The administrator of the popular Darknet email service, SIGAINT, is warning its users that the email service has become a target of a suspected law enforcement agency who tried to compromise it.
About a week ago, SIGAINT has been targeted by an attacker who tried to hack the service by using nearly 70 bad Tor exit nodes, one of the service's administrator informed its users via the tor-talk mailing list on Thursday.
Before jumping on the news, Let’s first understand what are Exit Nodes?
As I said, SIGAINT uses TOR anonymization network which means when an email sent from one user to any destination, the email routed through multiple relays/nodes that actually aren't aware of the sender's identity.
The last machine that processes the email known as a Tor exit relay or Tor exit node.
The end user who receives that email can see the IP of the exit node instead of the IP address of the original sender.
And this is how, SIGAINT allows you to send and receive emails without revealing your actual identity or location.
Though exit relays are the last "hops" in the Tor network and are the only IP addresses appear as the origin of the connection, they pull the attention of the government and the law enforcement agencies.

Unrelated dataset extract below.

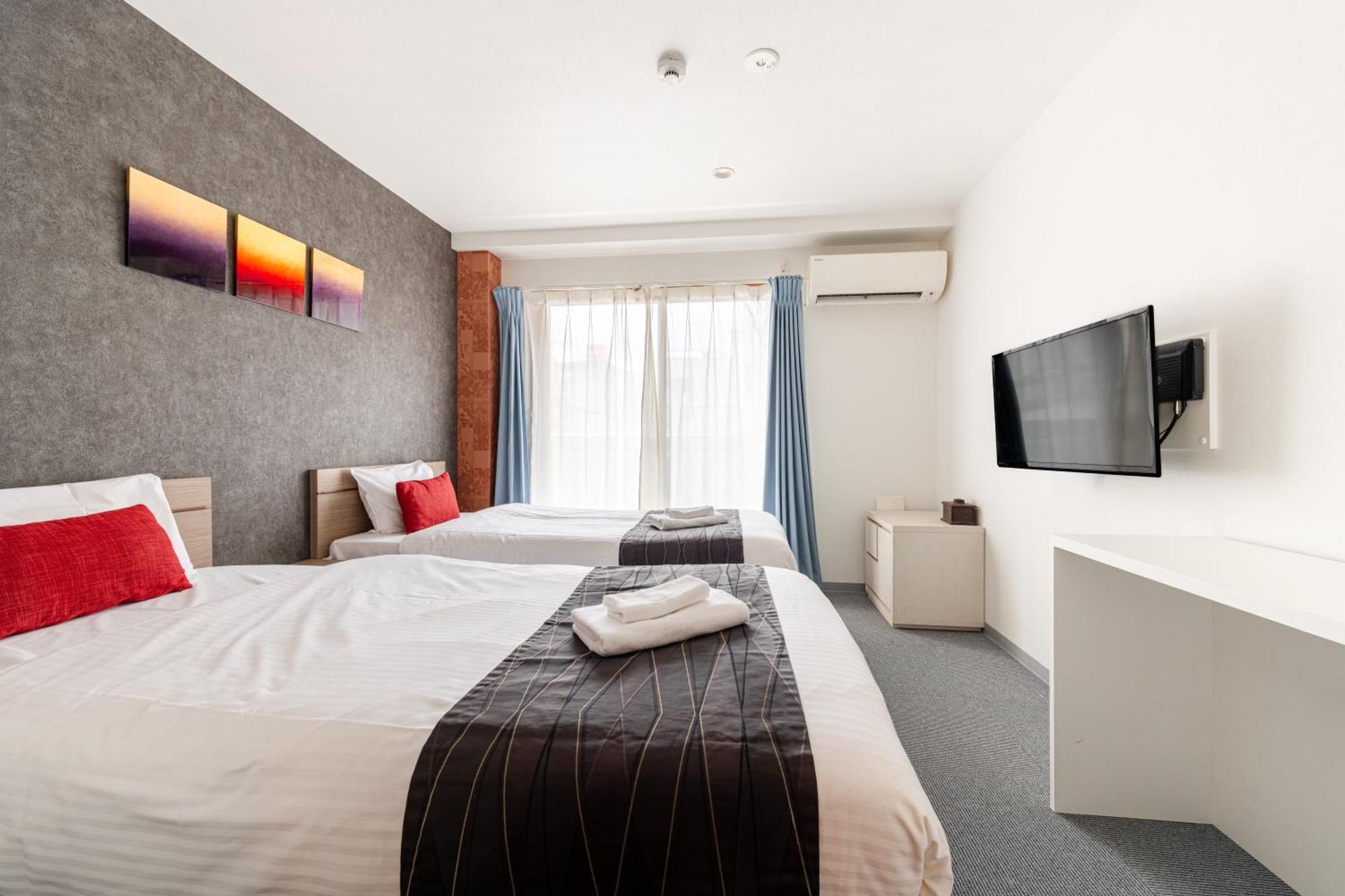 Komachi Hotel Nipponbashi Οσάκα Εξωτερικό φωτογραφία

Is Law Enforcement interested in Spying SIGAINT Services?
SIGAINT is an email service that resides mostly in TOR anonymization network. The service aims at providing email privacy to dark web users including security-conscious journalists, rebels living in repressive regimes and even criminals.
SIGAINT email service may be one of those Tor anonymizing services to become a recent target of a suspected intelligence service attack.
70 Malicious Tor Exit Nodes Found
One of the administrators of the services announced Thursday that SIGAINT became the target of a cyber attack. Initially, it was believed that someone tried to hack the service using 58 malicious Tor exit nodes. However…
...Philipp Winter, who is the member of the Tor Project, discovered 12 more bad exit nodes, resulting in a total of 70 malicious exit relays.
"So apparently we have drawn attention to our humble little email service that mostly lives inside of the Tor network," the admin wrote in a mailing list post. "The attacker had been trying various exploits against our infrastructure over the past few months."
All bad relays have been blacklisted by the admins and at the moment they no longer represent a risk.
Although the SIGAINT admin believes that there may be even more bad exit nodes targeting Tor services.
MITM attacks on SIGAINT users:
Basically, the attackers were acting as a "man in the middle" (MITM) when SIGAINT users connected to the sigaint.org site through one of the 70 bad exit nodes, allowing them to spy on SIGAINT users.
SIGAINT admin also believes that the infrastructure of the service has not been affected. However, some users’ passwords may have been compromised.
"We are confident that they didn't get in," the advisory states. "It looks like they resorted to rewriting the .onion URL located on sigaint.org to one of theirs so they could MITM [man-in-the-middle] logins and spy in real-time."
It isn’t clear how many SIGAINT users targeted in the attack, but the admin said the attacker seems to collect users' passwords, as they get complaints about hijacked accounts which is less than one for 42,000 users every 3 months.
Now What SIGAINT is going to do?
According to the admin, SIGAINT is considering to turn encryption on or removing the .onion URLfrom the sigaint.org page.
Although adding SSL support to the regular website would not help too much, it would make it difficult for attackers to run an attack.
What could you do to protect against the attack?
There is no way for users to be complete safer. However, all the users who visited the Sigaint.org website to search the dark web links are advice to change their passwords as soon as possible.
Who is behind the attack?
The SIGAINT admin thinks that "some agency" was likely behind the recent attack, given the number of malicious nodes the attackers were using and other strange circumstances.
Taking to Motherboard, the SIGAINT administrator said the strange circumstances were that for almost a month prior to the attack, they did not receive any law enforcement requests though they normally receive around one a week.
However, Who was behind this attack remains a mystery yet.